Buddhists believe that within the circle of Samsara into which we are born there are six realms, one of which is the god realm. Classically, the god realm is one in which bodiless beings experience total satisfaction for 1,000 years, only then to run out of merit and find themselves reborn in the lower realm of hell, their exalted term in the god realm exhausted.
In more conventional terms, we can envision the six realms of Samsara as psychological states through which we move, moment to moment. Thus is it that the god realm, with its satisfaction and self-assuredness is available to each of us. It never lasts, of course; as we get used to having what we want when we want it, we then find ourselves hurt, angry and resentful when life fails us, which it always does. If the morning paper’s not delivered on time, I move from god realm to hell realm in an instant.

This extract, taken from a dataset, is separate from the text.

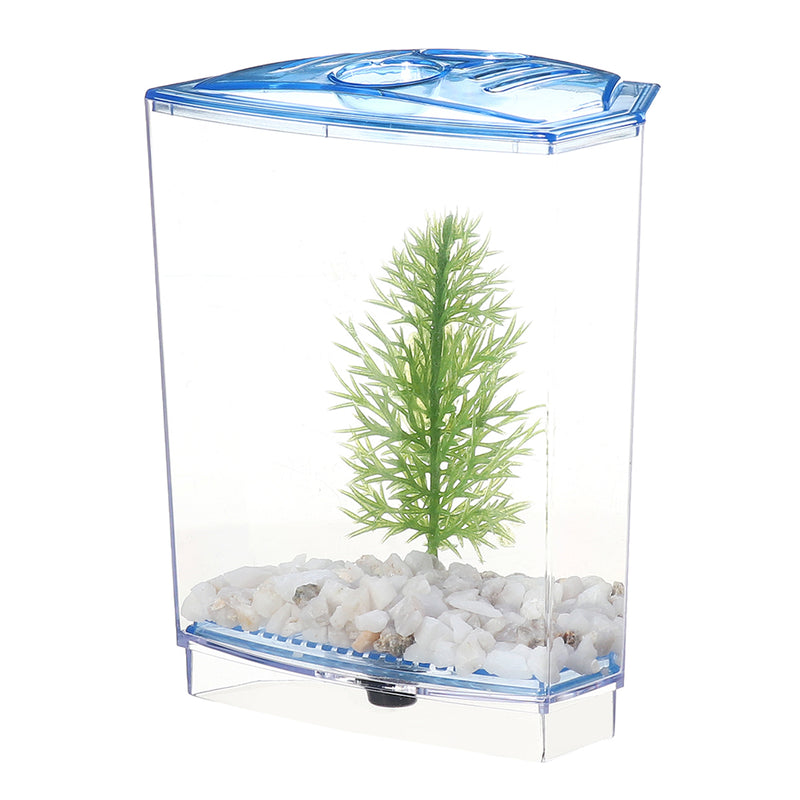 1/2 Grids Mini Betta Aquarium Fish Tank Isolation Box Portable With Divider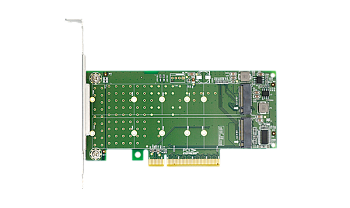Адаптер для SSD/ LRNV94N8 2X U.2 SFF-8639 SSD to PCI Express 3.0 Gen 3 X8 Card U.2 NVMe SSD Adapter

The god realm sense of entitlement is available to everyone, but often is the domain of the very rich and famous. “The Donald,” Mayor Bloomberg, Larry Ellison, Meg Whitman and the like; make a list of the wealthiest and most famous people in the world and you’ll find many residents of the god realm. They acquire power, make rules, command others, and take action. With the power of great wealth at their disposal they, like gods, attempt to create a world in their own image.
Denizens of the god realm like to pal around with other gods, of course, and the worlds they create become playgrounds of the gods. I was recently in East Hampton on Long Island in New York to commit my mother’s ashes to the waves of the Atlantic. A mile down the beach we happened upon a massive 100,000 square-foot single-family home (the largest in America) featuring five-story Roman columns at the entrance and a 200-stall basement parking garage. Surrounded by walls, video surveillance cameras and roving guards, it seemed to me as much a prison as a home for its godly residents.
When residents of the god realm decide to create a new playground, there is often little that can be done to stop it. The gods buy influence, appointments to civic bodies, legal expertise, public relations campaigns, and can bury communities under reams of paper. Little in the way of land use law pertains to the common wealth and rights of a community; private property on the other hand is given deep legal protection. All that remains to a community is the political will of its elected representatives and the language of its general plan and development code, not much compared to what the gods can buy.
Many in the god realm cannot feel or understand the needs of others. They think their godly existence is the very best existence and that all other beings aspire to the god realm; they cannot imagine being satisfied with less. Accordingly, they create a world that fits their god realm desires and are confused and dumbfounded when they encounter opposition to their plans.
The great irony, of course, is that the desires of the god realm contain the seeds of the hell realm. Everything will be lost. Power and wealth expire with us, and ultimately are nothing. For this reason it is said that the suffering of the god realm is the most terrible suffering of all.